One of our loyal customers – Graham Todd from the Spaghetti Agency – has given us his story about the good, the bad and the ugly of how his company was formed, also offering some helpful advice along the way about branding and starting your own business. Take a read below, yeehaa!
How did you come up with your company name?
Jo and I met on Twitter way back when Twitter was cool and new (before it got overrun with spammers). Jo was working in a marketing agency as a proofreader and copywriter, and I was driving a van for a local wine merchant, and tweeting for them as I went.
During that time, I worked on a lot of community stuff thanks to all the noise I created on social media. Jo watched with interest, and gritted teeth. My spelling and grammar wasn’t (and still isn’t) great. Jo wanted to fix my spelling of ‘your and you’re’ and she took to Twitter to sort me out via some sarcasm and a large dose of mickey-taking.
From there we worked on community projects, organised networking, and ran social media training events for small businesses. Jo and I got to know each other and worked really well together, albeit remotely most of the time.
Life for both of us changed in 2013 when we both got divorced from our previous partners and found that actually, we kinda liked each other, too. We hadn’t realised it amongst all the blogs and tweets but the answer to both our futures was staring us in the face… we were just too busy looking at our phones.
We both left our day jobs and decided to do this thing officially. We moved in together, got a dog, and set up a business. That’s what everyone does after meeting on Twitter, right?!
Jo had her own part-time proofreading business. It was called Jo’s Correctional Facility and we just ran with that, training and running social media for businesses with content and other stuff as we grew.
We sent out a weekly email called the Friday Digital Roundup. It’s light-hearted and a bit of fun – we share quirky content we find online as well as some tips and links to content we’ve created. It always had a Wild West feel to it.
When we approached our website and branding agency to get our website rebuilt from the ground up, they suggested re-branding. They said we needed to show everyone what we really did and incorporate something more in line with what we were about. The Wild West town of Spaghettiville was hand-drawn by a very talented lady in Peru and the logo and branding designed by the team at Edge of the Web in Warwick, as they built the new site.
The concept was created and all was ready to go until disaster stuck. The brand name we desperately wanted was taken, and by someone who almost did what we did. We chose to leave that name behind and continue building the site until the right name came along.

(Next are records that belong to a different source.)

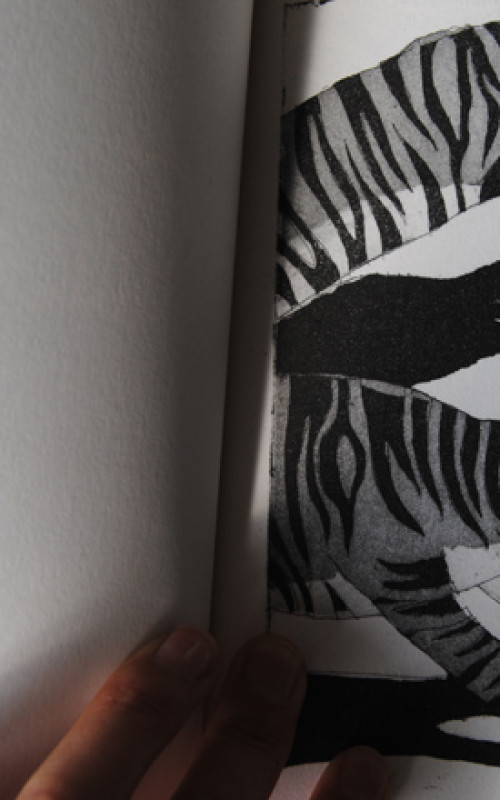 Nouvelle édition | La chasse au tigre Image 3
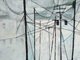 Painting--Oil-FigurativePower Lines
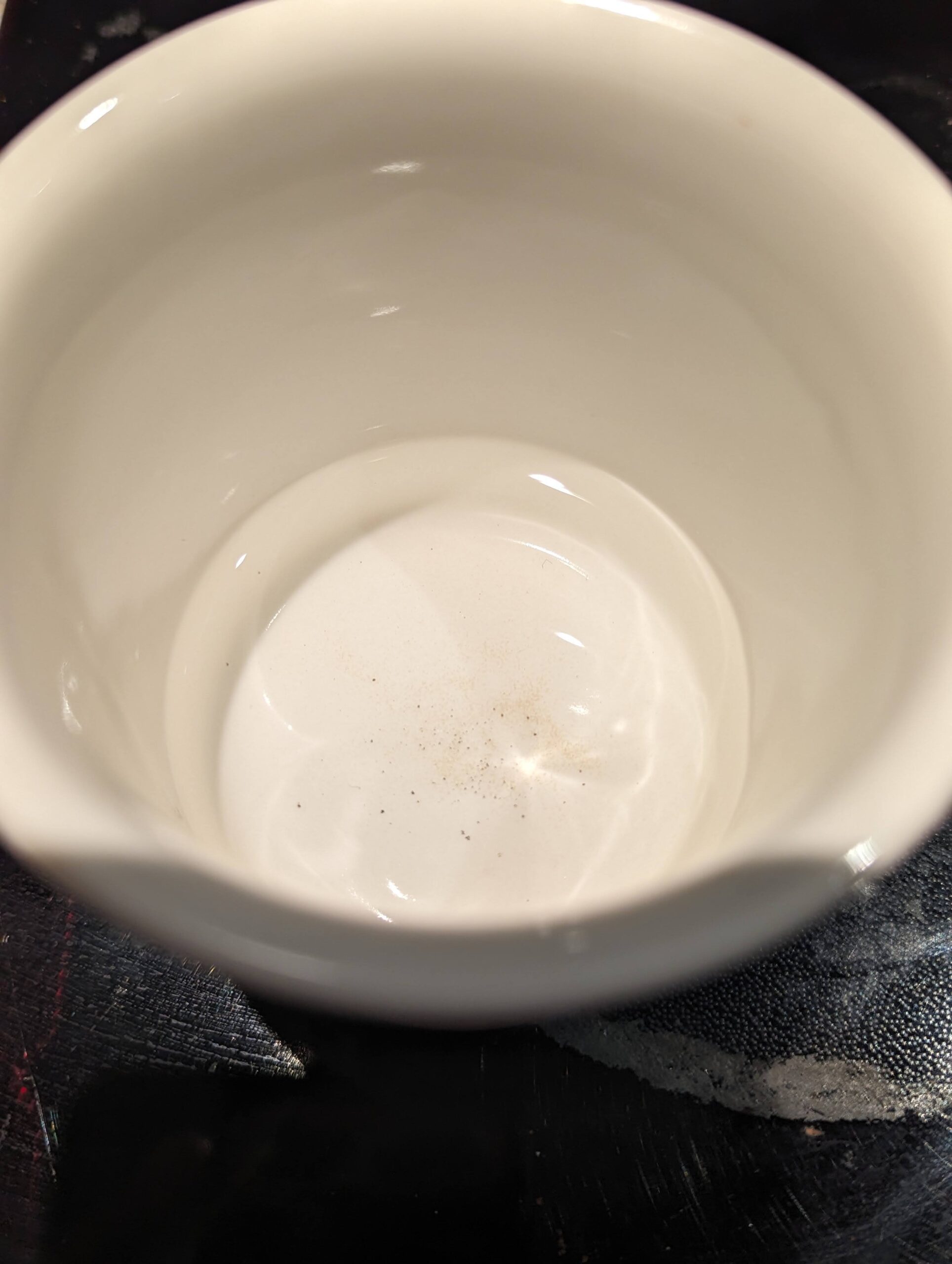 Black Specks in a cup of water from the Gaggia Classic Pro Evo boiler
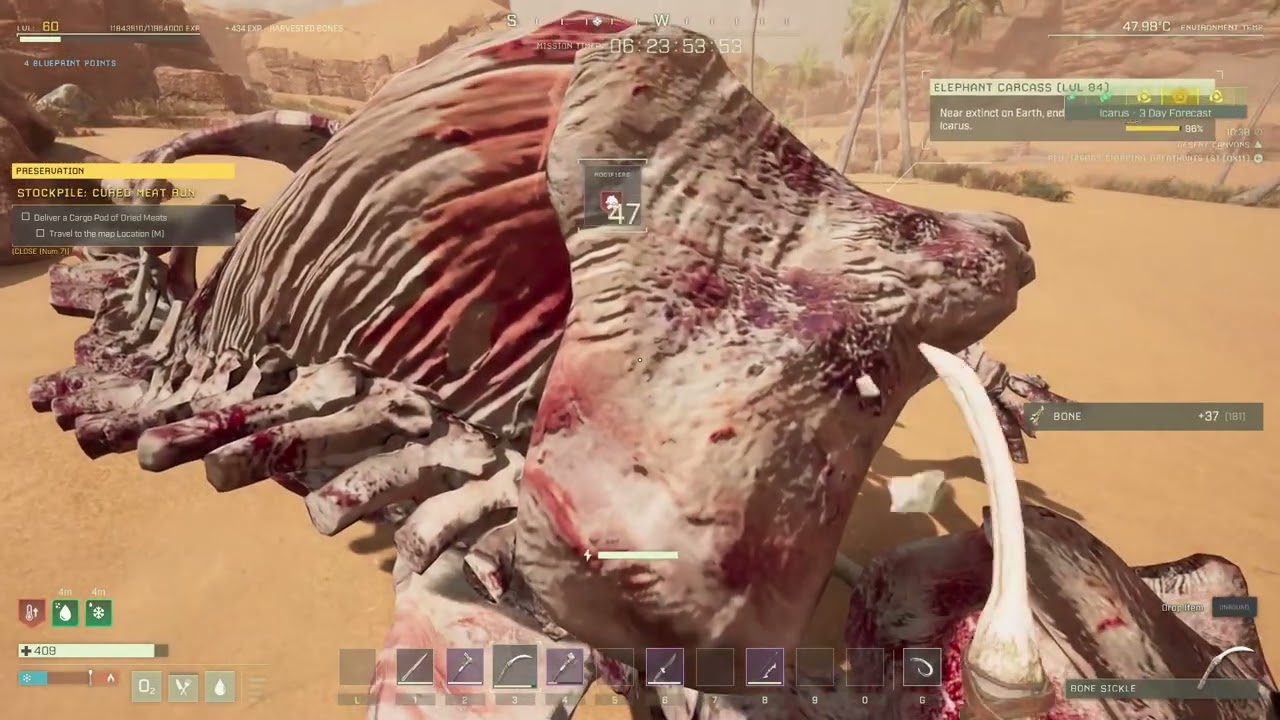 Icarus Mission: Preservation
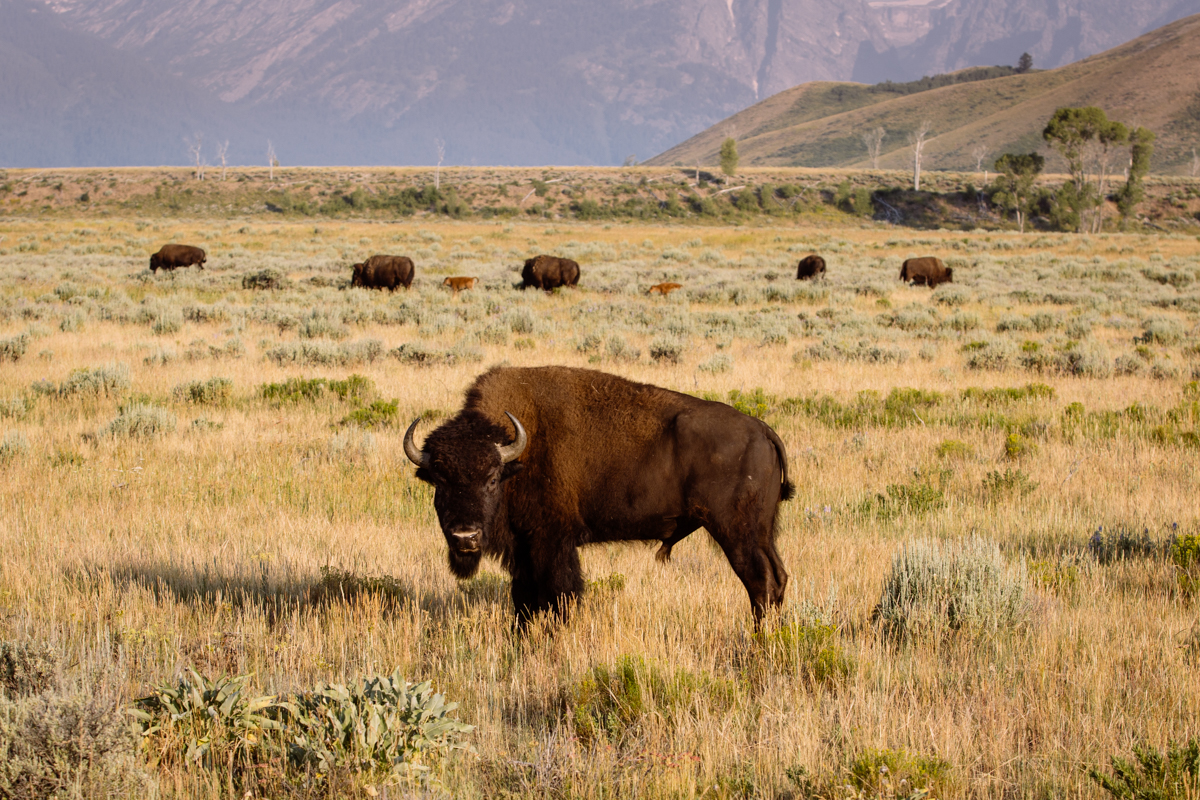American Bison, Grand Tetons National Park 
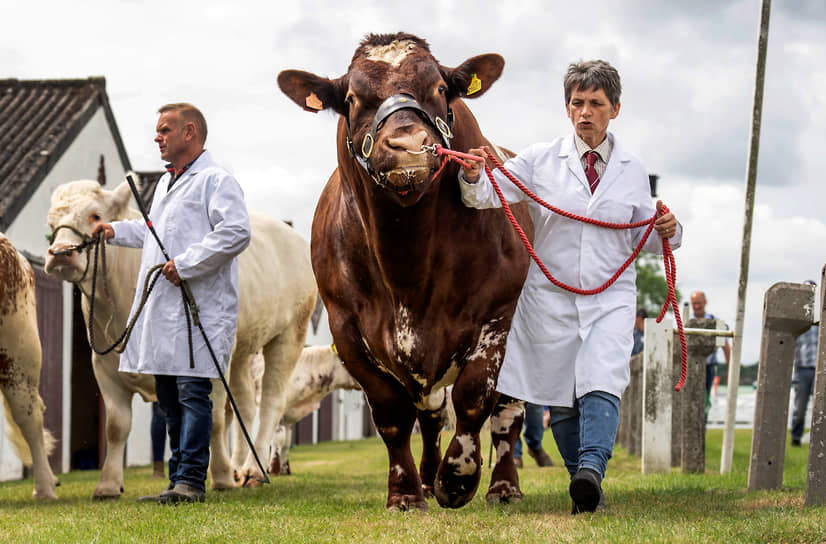 Харрогит, Великобритания. Мужчина ведет быка на сельскохозяйственную выставку Great Yorkshire Show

As the site was built we spent hours in the office coming up with phrases and words from the world of cowboys and westerns but nothing really fitted. We wanted a word everyone would get, but also a word that was so on-brand it would smack you in the face like a hoof from a horse when you got it.
One night, after no luck finding this word, I decided enough was enough and watched movie after movie on YouTube, looking for the elusive Wild West word. I got quite drunk on red wine and shut the laptop…
“I really need to stop watching Spaghetti Westerns,” I proclaimed. And there it was. Spaghetti Agency was born!
What struggles have you had as a start-up?
Setting up a business is not for the faint-hearted. It’s a dream until you do it and then it becomes a constant dream… As in, you never stop thinking about it. Running a business for us is 24/7 as we never really switch off.
In the early days we didn’t have anything formal in place but we had clients coming in so we just got on and started working for them. The systems and processes came along as we grew.
We had big contracts via connections we’d built up over the previous few years and it was all good. Initially the first issue was growth. We quickly grew and then reached capacity, so we couldn’t earn any more. We also needed to become VAT registered, which ended up costing us money and causing some headaches. Running a business doesn’t come with a manual! In fact there are no rules and when you come from a cushty ‘real job’ it’s one hell of a shock to the system.
We soon realised we were very good at social media and marketing as we had happy customers and more business than we could deal with, but we were very bad at pricing, saying “no”, delegating, sleeping (no time for it), and I was terrible at letting go.
Now? Now we outsource and delegate to our awesome team and oversee most of what happens. As directors our role is to build the business; not to do stuff we don’t need to do. We do all our own marketing but outsource other tasks, getting experts to do it properly. No more spreadsheets or techie stuff.
Banks, accountants, office space, time, cash flow, lack of sleep, no money, late nights and lots of hustling – that was life then. Now? Yeah, it’s still kinda like that, but now we know why we’re doing it and what we’re aiming for. (Thanks to an awesome business coach, which has helped hugely.)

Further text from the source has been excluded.